As a society we hope to be judged by the achievements of our best and brightest; individually we may wish to express our finest qualities in what we do. Algren reminds us that self-knowledge will not come by either of those routes. He believed that we can’t know ourselves except by looking deeply into the eyes and hearts of our most forlorn, most broken-down, who are shorn of all but their essential human qualities, and sometimes even of those. Only by looking there will we be able to see into ourselves. (The last line of the poem quoted above is “Within a rain that lightly rains regret.”) He wrote about them with unparalleled beauty, writing gorgeously of hard luck cases of all kinds—as if that were the only thing worth writing about. He was not the first of his kind. Yet no other writer of his generation had Algren’s blend of radicalism with a vision that was so personal and lyrical.
There has been surprisingly little serious critical attention paid to Nelson Algren’s writing since his death in 1981. One valiant and thorough popular biography by Bettina Drew. One excellent scholarly monograph by James Giles. And that’s about it. Amazingly little, considering that Algren’s novels themselves continue to be widely read and studied, that Algren himself is considered by many to be among the handful of great American novelists of the 20th century, and that no one has yet made him known to us in the way that other writers of his stature have been made known—weighed and measured, analyzed and interpreted, and in this way inducted into the pantheon of American literature.
It is almost as if Algren were someone we don’t want to know. Someone to be respected, but not included. A writer who somehow slipped past those who stand as our nation’s self-appointed literary gatekeepers, rather than being accepted by them. He is still the quintessential outsider. Unlike the writings of, say, Faulkner or Hemingway, Algren’s works comprise a literary backwater, known to many but visited with understanding by few. For most readers, his world is a landscape we lack either the words or the desire to find familiar.
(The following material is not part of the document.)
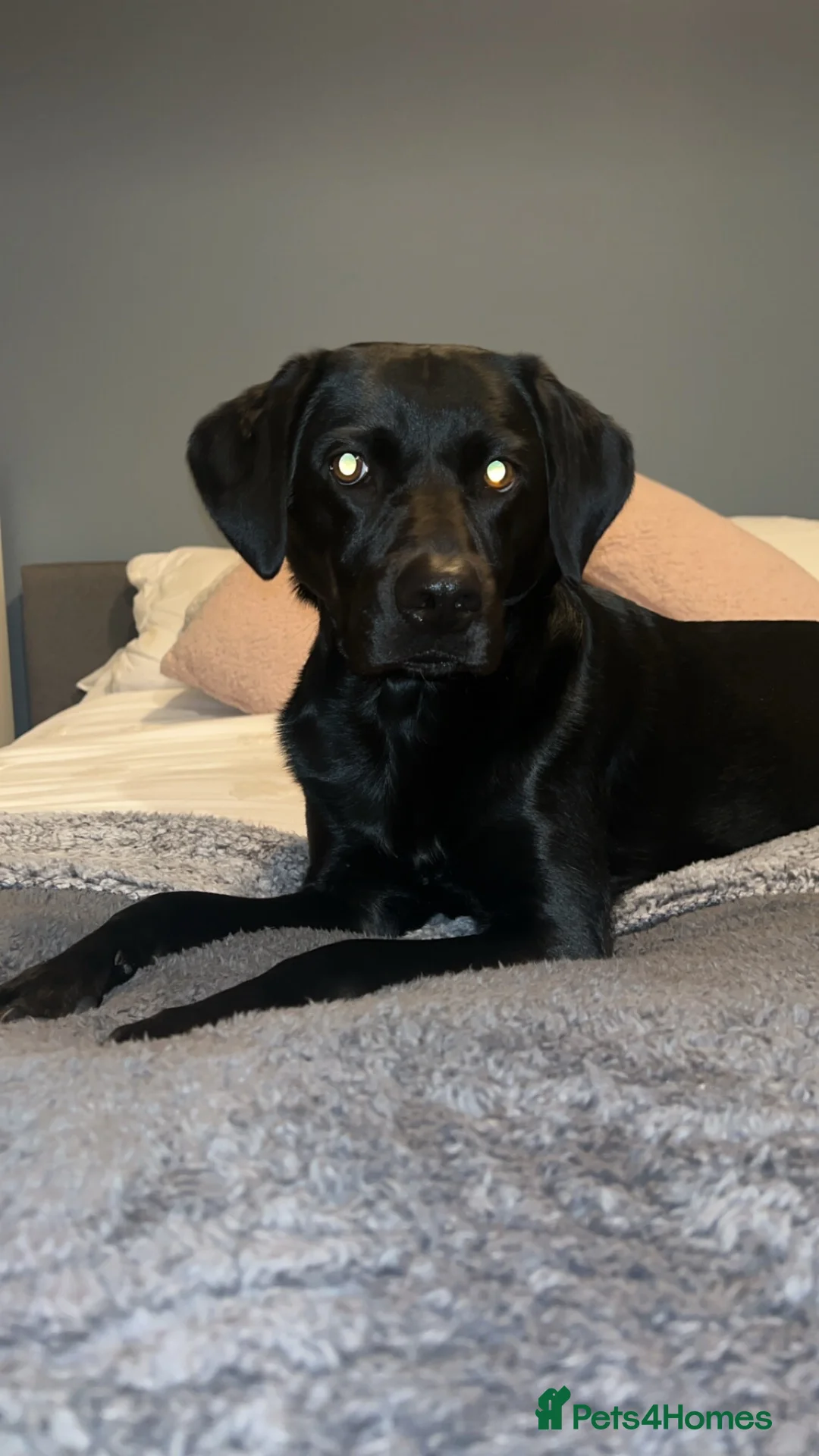 Labrador Retriever dogs for sale: Labrador puppies due on 27/10/26 in Newcastle upon Tyne - Advert 5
Like Fitzgerald, he published his first novel in his early twenties, but unlike Fitzgerald, Algren did not succumb to weaknesses of spirit and misfortunes of circumstance. At the time he wrote Nonconformity he had been a practicing writer of fiction for twenty years. After Nonconformity he would go on writing books for another thirty years—until the end of his life at the not-unripe age of 72. There is a completeness to his artistic output—four major novels, a half-dozen other books of lasting importance written over a span of fifty years—that saves him from the sense of doom that has engulfed so many other American writers in this century. Algren is not a tragic figure in the way that Fitzgerald is.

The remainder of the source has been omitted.